Trinity, Incarnation, and salvation
Posted: Sat Dec 24, 2022 9:53 am
One more good one...
https://snemes2.substack.com/p/trinity- ... -salvation
Trinity, Incarnation, and salvation
Some persons are convinced that persons who do not accept the catholic doctrines of Trinity and Incarnation are not actually Christians and thus are not saved. Of course, this is hardly a new opinion in the history of Christianity. The Quicunque Vult (or so-called “Athanasian Creed”) asserted this point of view around fifteen hundred years ago. This document says that whoever wants to be saved must hold to “the catholic faith” before all else, and it proceeds to define this “catholic faith” in terms of the Nicene-Chalcedonian doctrines of Trinity and Incarnation. It ends with these ominous words: “This is the catholic faith, which unless a person will have believed it faithfully and firmly, it will not be possible for him to be saved.”

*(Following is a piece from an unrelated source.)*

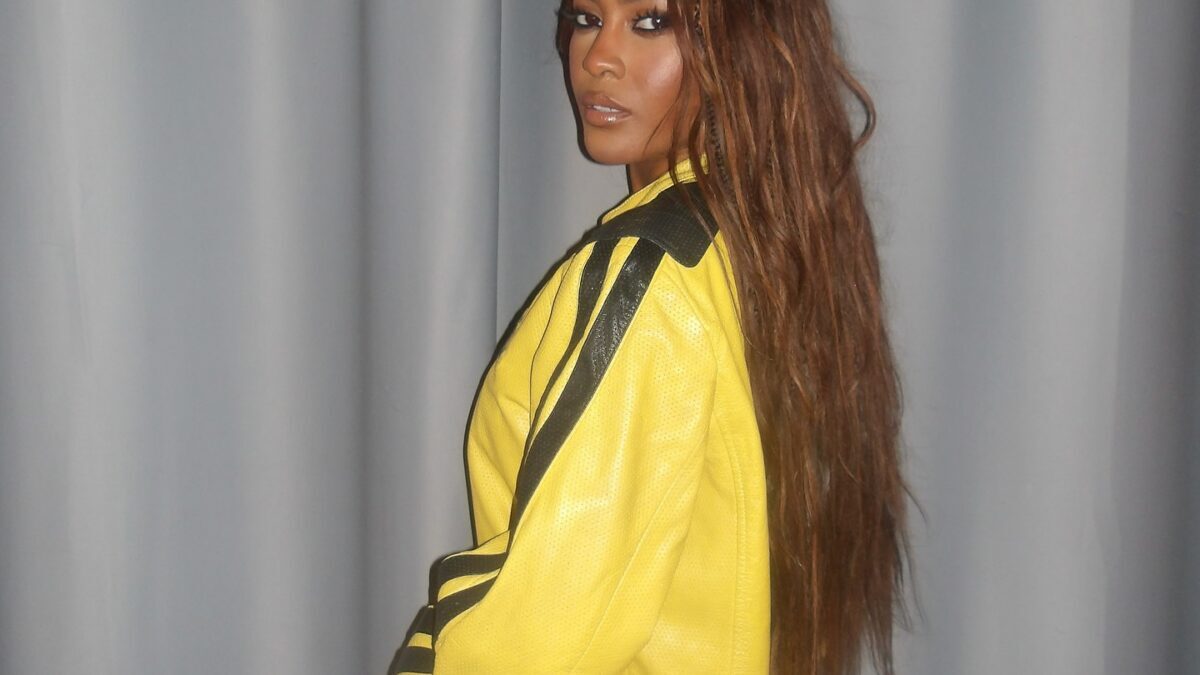Ciara Miller, la 30 de ani, cere răspunsuri de la Amanda Batula și West Wilson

Is there any reason to accept this point of view? I do not think so. Quite to the contrary, I think the “Athanasian Creed” could (perhaps a bit uncharitably) be described as a terroristic document. It threatens people with damnation unless they are willingly to believe “faithfully and firmly” such incomprehensible sentences as this: “So the Father is God, the Son is God, and the Holy Ghost is God, and yet they are not three Gods, but one God.” Theologians who have studied these issues in detail know that it is far from obvious that sentences like these make any sense. Karl Rahner, for example, wrote that the doctrine of the Trinity is an absolute mystery that we do not understand even after it has been revealed (The Trinity, p. 50). But what else should one call it, then, when people are threatened with hellfire for their inability or unwillingness to believe things that even the most renowned theologians of the past century cannot agree about or make sense of?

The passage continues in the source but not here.